Barbara Jensen and the State Data Center

Barbara Jensen is running in the Republican primary in Oregon House District 25 against conservative radio talk show host Bill Post. House District 25 covers Keizer, St. Paul and Newberg. The Statesman Journal described Jensen as a “longtime state government employee.” One of those state jobs was working for the State of Oregon as the Communications Officer for the Oregon State Data Center from 2004-2009. On her LinkedIn profile, it notes that she “served to plan and build” the State Data Center.

Barbara Jensen - LinkedIn - OR State Data Center

The Oregon consolidated State Data Center (SDC) was a project to consolidate 12 state data centers into one, “to reduce the number of servers and operating systems it supported (thereby lowering hardware, licensing, and management costs), offer new and better service level agreements, improve the state’s disaster recovery capability, allow for growth and technological advances, and ensure better data security.” A 2008 report from the Oregon Secretary of State auditors found that the SDC project failed to meet several of those “significant objectives.”

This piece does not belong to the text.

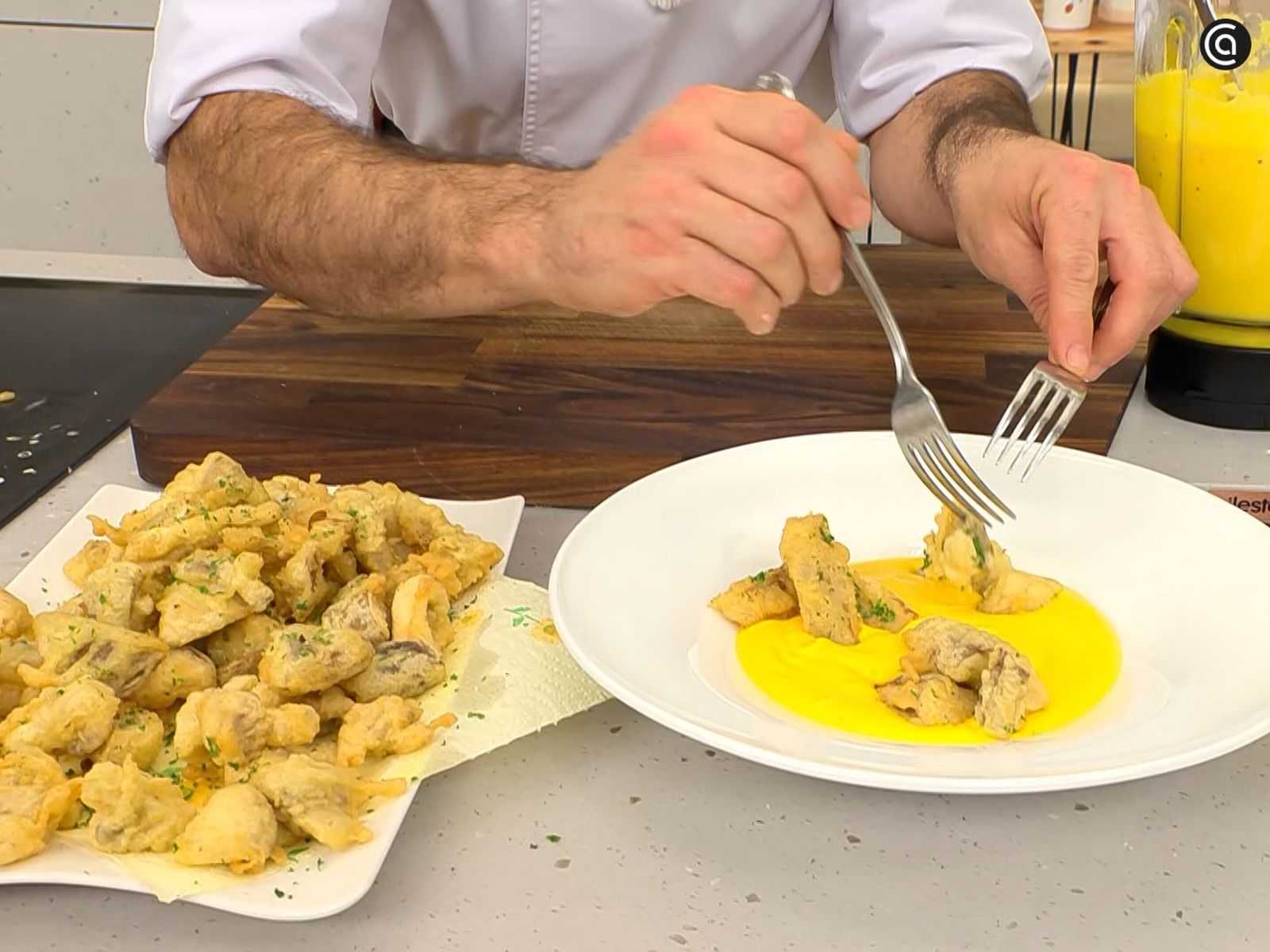 Sirve la crema de calabaza asada caliente con las setas crujientes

Oregon’s SDC project made national news in IT trade journals with headlines like this one in CIO magazine in 2008: Oregon’s Data Center Nightmare.

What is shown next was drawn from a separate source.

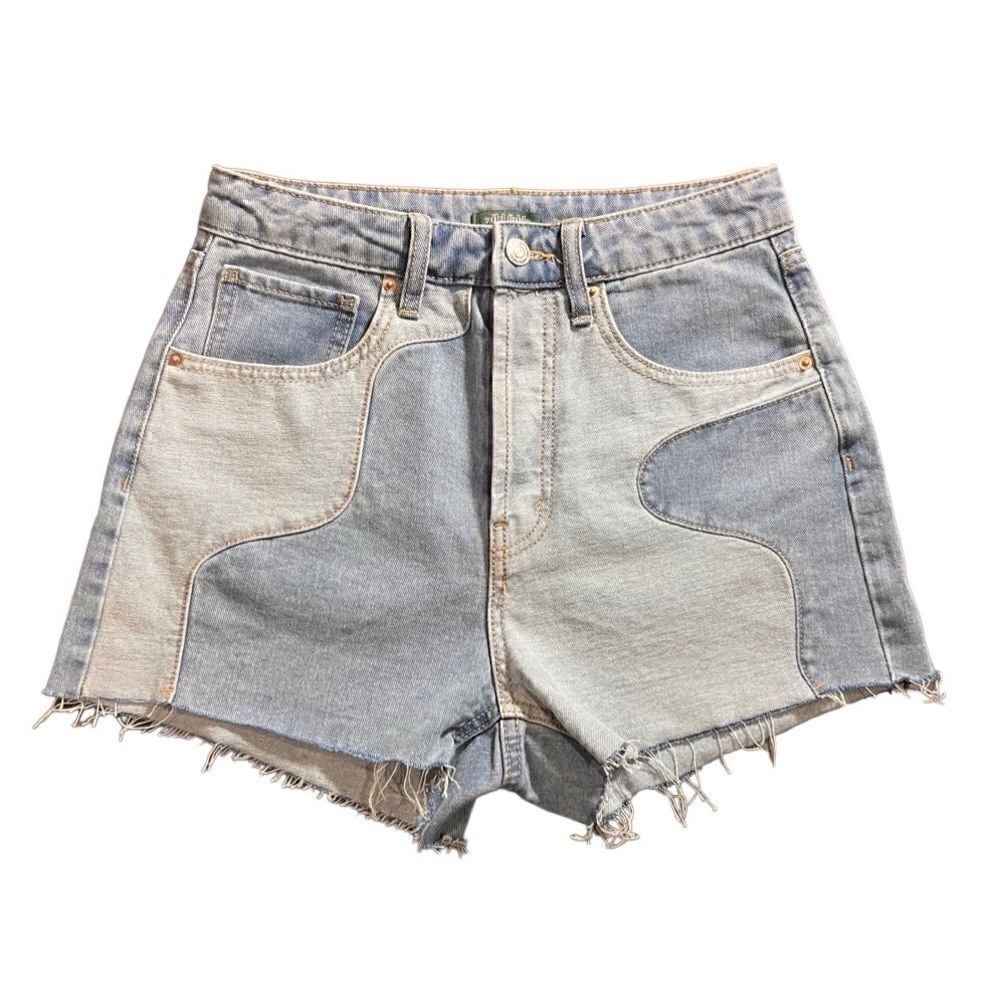 Wild Fable Two-Tone Super High-Rise Cutoff Jean Shorts size 2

CIO magazine had this to say about the SDC project “”The state’s new site was completed in January, 2006 at a cost of $20 million. A year later, 11 agencies [out of 12] were migrated to the new facility, at a cost of $43 million. At $25,000 per relocated server or about $4 million per agency, the move’s cost was astounding—and it gets worse. In July, 2008, the state issued a report concluding that in fact only 70 out of the 1,700 servers had been eliminated, and new service level agreements had not been provided. Data security was so poor that the Department of Education could not move into the new facility due to its failure to meet federal privacy regulations, and another agency had to move back into its old center because the new center’s power supply was inadequate. As for the projected cost savings, who knew?””

An Information Week article from 2008 reported “The [Oregon’s Office of the Secretary of State] auditor’s report says several of the project’s ‘significant objectives’ haven’t been met, including reducing the number of network servers and operating systems, ensuring adequate security measures, offering service-level agreements, and implementing an effective disaster-recovery strategy. Resources will have to be added to the project, and the efficiencies and planned cost-savings will likely not materialize, the report concludes.”